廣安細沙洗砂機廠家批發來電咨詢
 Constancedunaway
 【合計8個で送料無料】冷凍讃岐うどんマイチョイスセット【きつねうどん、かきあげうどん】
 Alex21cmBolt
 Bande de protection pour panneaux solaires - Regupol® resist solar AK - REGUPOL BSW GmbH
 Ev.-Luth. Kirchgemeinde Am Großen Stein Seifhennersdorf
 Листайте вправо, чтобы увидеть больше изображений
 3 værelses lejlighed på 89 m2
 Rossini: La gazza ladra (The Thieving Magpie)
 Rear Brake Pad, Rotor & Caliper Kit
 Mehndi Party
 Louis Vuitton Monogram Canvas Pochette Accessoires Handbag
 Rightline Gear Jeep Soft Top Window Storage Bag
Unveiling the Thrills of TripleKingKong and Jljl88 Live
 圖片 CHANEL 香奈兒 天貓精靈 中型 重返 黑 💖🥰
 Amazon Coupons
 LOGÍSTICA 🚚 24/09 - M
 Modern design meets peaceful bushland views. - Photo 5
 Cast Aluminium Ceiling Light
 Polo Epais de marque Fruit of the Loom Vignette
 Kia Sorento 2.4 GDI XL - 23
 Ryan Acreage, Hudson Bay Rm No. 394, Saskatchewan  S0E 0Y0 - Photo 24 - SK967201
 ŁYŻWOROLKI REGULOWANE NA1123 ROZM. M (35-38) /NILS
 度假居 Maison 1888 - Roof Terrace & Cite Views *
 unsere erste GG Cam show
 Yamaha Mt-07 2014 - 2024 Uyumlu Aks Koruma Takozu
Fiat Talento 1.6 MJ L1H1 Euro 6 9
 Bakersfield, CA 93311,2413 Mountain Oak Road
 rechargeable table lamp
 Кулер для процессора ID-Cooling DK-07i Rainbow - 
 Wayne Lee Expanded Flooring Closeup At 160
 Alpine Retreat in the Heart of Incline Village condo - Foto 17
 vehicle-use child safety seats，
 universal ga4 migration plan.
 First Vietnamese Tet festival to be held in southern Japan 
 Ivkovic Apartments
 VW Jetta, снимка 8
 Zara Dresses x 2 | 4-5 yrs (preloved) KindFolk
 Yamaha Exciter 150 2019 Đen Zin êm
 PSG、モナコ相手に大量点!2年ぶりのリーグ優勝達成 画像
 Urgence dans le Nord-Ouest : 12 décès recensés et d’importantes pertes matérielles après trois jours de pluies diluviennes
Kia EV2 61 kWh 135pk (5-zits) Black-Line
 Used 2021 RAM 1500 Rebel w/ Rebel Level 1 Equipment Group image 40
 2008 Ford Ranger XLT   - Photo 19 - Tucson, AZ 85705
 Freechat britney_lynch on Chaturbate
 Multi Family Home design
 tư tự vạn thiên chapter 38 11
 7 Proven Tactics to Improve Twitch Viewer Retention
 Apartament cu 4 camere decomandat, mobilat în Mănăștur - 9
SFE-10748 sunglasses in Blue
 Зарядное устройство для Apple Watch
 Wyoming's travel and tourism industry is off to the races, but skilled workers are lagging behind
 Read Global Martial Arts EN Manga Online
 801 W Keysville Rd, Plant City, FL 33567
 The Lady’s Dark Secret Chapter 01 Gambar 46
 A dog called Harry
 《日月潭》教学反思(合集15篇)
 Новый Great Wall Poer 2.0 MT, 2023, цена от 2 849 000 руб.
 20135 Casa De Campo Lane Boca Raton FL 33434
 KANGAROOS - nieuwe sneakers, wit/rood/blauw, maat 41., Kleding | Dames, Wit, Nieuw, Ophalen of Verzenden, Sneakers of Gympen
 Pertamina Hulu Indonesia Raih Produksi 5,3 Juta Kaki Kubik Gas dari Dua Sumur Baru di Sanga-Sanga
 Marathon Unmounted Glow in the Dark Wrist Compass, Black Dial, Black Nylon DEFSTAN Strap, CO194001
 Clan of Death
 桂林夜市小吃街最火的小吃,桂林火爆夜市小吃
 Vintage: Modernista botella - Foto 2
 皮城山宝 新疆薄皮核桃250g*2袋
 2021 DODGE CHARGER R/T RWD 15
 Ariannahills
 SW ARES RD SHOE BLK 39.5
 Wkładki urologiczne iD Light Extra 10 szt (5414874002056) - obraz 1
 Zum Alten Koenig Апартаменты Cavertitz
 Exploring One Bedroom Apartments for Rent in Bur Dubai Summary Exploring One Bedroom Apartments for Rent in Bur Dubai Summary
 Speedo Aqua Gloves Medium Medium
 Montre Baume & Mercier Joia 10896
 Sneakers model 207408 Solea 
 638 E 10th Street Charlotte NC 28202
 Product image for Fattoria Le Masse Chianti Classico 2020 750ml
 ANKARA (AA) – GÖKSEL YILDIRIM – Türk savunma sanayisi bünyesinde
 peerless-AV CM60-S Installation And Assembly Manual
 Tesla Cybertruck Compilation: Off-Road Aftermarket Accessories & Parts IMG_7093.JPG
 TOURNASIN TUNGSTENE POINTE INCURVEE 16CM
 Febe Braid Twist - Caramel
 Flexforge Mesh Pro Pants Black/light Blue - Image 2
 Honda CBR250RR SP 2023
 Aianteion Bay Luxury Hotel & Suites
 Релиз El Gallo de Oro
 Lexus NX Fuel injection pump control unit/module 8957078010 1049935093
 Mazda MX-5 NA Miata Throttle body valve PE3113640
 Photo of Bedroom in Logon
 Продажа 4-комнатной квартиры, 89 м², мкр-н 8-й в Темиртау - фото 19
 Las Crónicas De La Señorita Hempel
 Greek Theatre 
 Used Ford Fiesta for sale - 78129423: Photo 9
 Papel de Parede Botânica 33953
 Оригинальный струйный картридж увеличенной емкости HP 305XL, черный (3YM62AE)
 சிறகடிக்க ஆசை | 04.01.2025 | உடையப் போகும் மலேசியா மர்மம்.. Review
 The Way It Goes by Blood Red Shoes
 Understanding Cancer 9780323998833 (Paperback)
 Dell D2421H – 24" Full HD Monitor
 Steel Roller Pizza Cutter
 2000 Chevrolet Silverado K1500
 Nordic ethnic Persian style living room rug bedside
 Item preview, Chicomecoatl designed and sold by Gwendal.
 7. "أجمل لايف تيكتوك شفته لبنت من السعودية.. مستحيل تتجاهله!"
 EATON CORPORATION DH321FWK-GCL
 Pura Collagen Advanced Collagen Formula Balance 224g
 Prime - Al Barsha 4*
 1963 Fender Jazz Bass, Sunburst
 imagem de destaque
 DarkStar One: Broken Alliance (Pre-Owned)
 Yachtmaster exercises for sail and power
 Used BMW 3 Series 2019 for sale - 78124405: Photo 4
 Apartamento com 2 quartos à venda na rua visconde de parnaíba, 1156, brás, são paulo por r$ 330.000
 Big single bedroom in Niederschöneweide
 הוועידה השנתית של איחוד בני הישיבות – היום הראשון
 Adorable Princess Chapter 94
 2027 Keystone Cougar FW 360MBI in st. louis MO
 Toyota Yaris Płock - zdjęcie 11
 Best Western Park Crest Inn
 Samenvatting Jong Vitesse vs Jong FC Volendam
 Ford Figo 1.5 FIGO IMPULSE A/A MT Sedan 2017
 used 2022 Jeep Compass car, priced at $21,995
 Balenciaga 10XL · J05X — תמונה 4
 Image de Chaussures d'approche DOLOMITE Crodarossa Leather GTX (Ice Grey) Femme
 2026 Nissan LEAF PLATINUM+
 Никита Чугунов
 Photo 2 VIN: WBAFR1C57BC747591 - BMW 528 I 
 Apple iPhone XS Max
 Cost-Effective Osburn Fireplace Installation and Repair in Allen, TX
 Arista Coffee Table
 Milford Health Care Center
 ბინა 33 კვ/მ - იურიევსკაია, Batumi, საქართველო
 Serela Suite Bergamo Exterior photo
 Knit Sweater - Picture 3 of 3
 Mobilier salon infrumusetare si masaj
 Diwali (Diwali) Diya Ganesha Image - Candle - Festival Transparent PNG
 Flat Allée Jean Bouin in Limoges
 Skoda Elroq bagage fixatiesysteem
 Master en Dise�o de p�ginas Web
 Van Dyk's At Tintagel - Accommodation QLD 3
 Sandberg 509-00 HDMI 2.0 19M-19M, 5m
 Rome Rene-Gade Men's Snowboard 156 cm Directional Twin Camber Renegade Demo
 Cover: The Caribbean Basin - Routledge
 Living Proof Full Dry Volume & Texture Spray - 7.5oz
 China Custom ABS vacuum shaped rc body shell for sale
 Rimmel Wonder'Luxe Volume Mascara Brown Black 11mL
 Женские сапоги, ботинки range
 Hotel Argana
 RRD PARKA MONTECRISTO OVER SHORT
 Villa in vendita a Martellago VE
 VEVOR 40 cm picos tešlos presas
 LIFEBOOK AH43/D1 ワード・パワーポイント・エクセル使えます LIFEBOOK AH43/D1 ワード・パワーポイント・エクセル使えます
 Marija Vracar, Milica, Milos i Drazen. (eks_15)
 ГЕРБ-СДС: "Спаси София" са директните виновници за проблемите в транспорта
============
*Directions:* Tally how many lines in the material above hold the word "Black". Write only that number.

*The completed task:* 4